I’ve got an important question, and please, if you’ve been stopping by here much at all, I would love if you’d answer it for me: to you, what do you see this game as being about?
Liam doesn’t like the rules which tie the characters together socially and emotionally, because he believes this game is just as affective if it’s about four drunks dying alone. I was surprised, because– as I keep saying– this is not supposed to be a game specifically about substance abuse. It’s a game about recovering from dysfunction and obsession, whatever those dysfunctions or obsessions are. The game in my mind was centered around dysfunctional relationships– because your relationship with your Obsession is so dysfunctional, ALL of your relationships become dysfunctional. I am starting to get the feeling that this is not what my game does well.

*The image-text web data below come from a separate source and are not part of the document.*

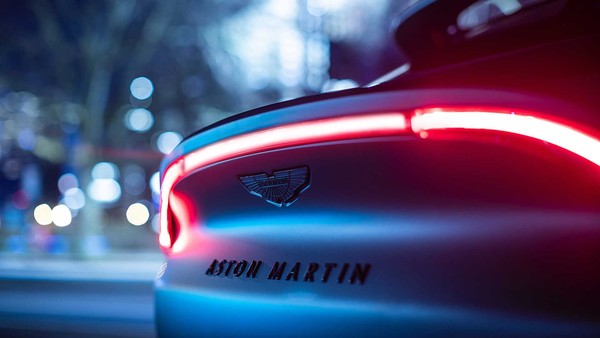 ▲Aston Martin Q客製化部門推出首款訂製DBX 。（圖／翻攝自Aston Martin）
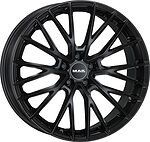 Mak Speciale-D 11.5x22 5x112 ET 40 Dia 66.6 Gloss Black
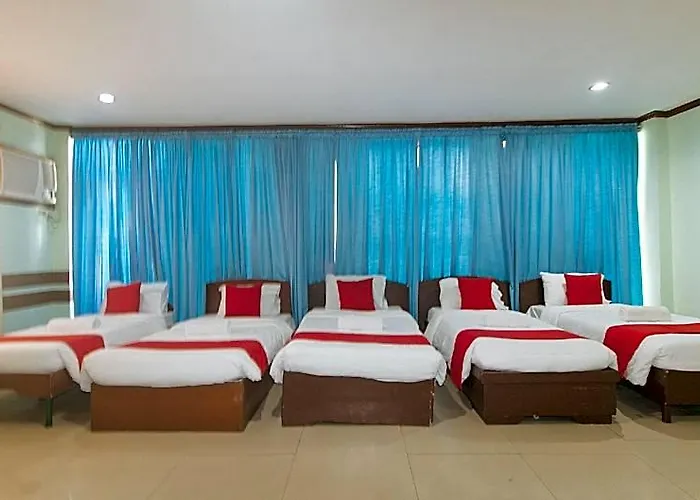 Hotel Reddoorz @ Maanyag House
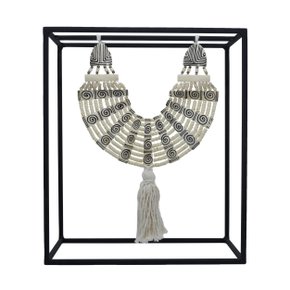 Adorno Emerson com Suporte G Casa Bonita 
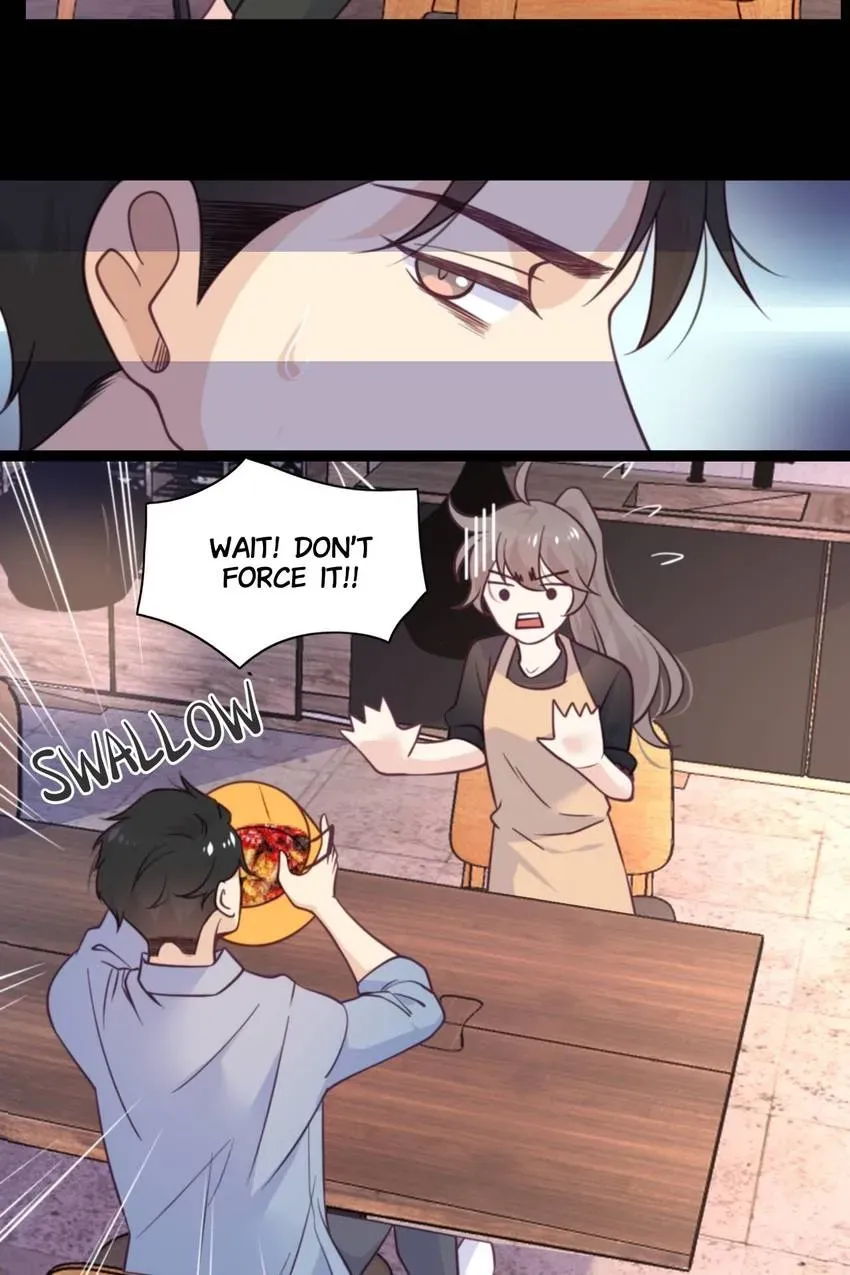 Gift Foolishness to Scheming Boss Chapter 41 page 13 - 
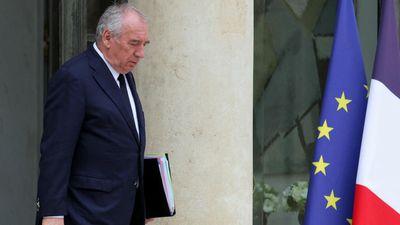 France's Bayrou puts debt decision to lawmakers, risking fall of government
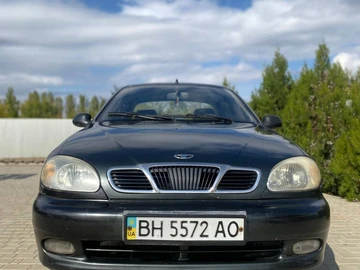 Авто Daewoo Lanos Sens  2006 № 8002777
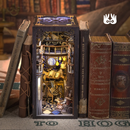 MagicLibrary™ - Cenário Decorativo para Estantes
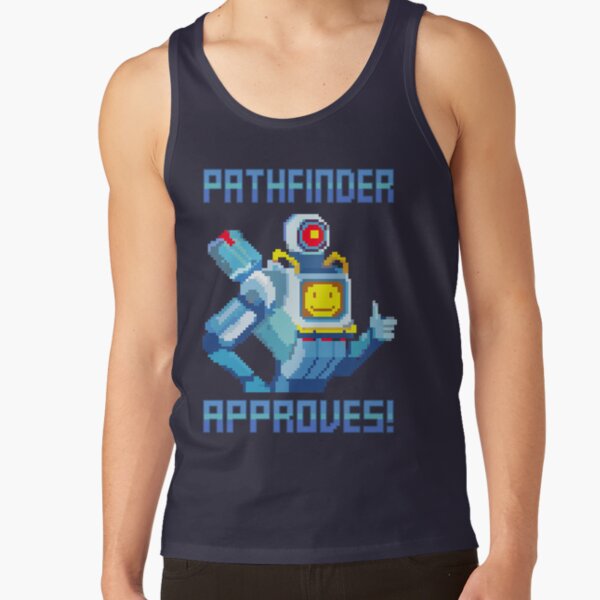 Apex Legends | Pathfinder Approves! Tank Top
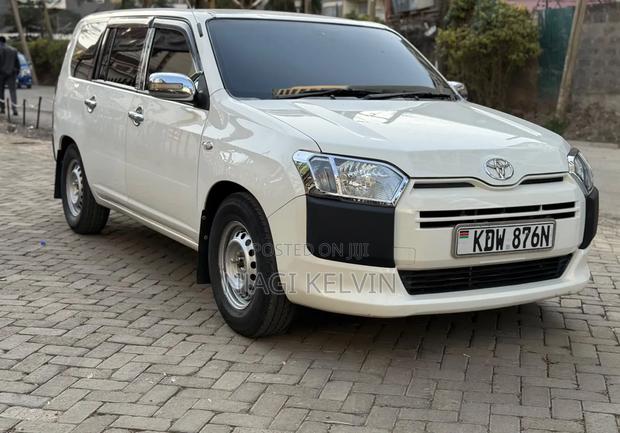 Toyota Probox 2020 White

I’ve spent a lot of time and energy trying to appropriately model the experience of addiction and recovery, which can be a rewarding narrative on its own; since addiction is such an intensely nuanced thing, I don’t know that there’s room in the system for even more relationship-based mechanics than I’ve got, or how much that would muddy the experience. And, I mean, addiction is essentially a relationship between the addict and the obsession; everything else really is incidental. So if this really is where this game is headed, I can accept that.

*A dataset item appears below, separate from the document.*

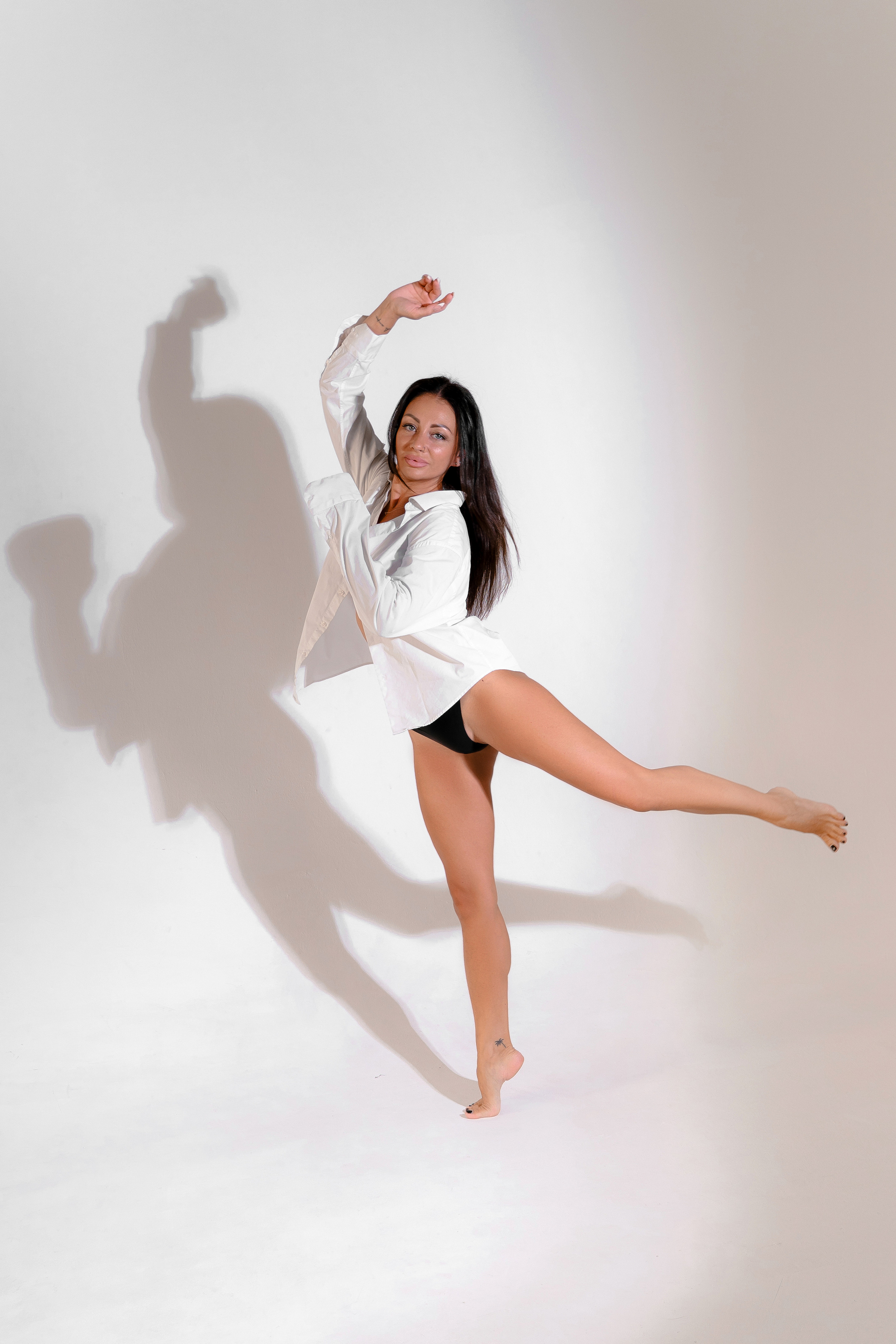 Модельные тесты для модельного агентства и трудоустройства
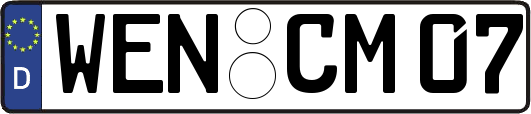 WEN-CM07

I’m thinking that once I’ve got Addict in a marginally workable, first-draft-completion kind of form, I’m going to take the lessons I learned here and write a game that really focuses on quirky, broken dynamics between emotionally close people, within a family or close group of friends. Probably with a lighter tone, because man, addiction is Sadville USA, population: one.
Maybe someday I’ll write a game about happy, functional people having healthy relationships and, I don’t know, hugging puppies and planting flowers. We’ll see.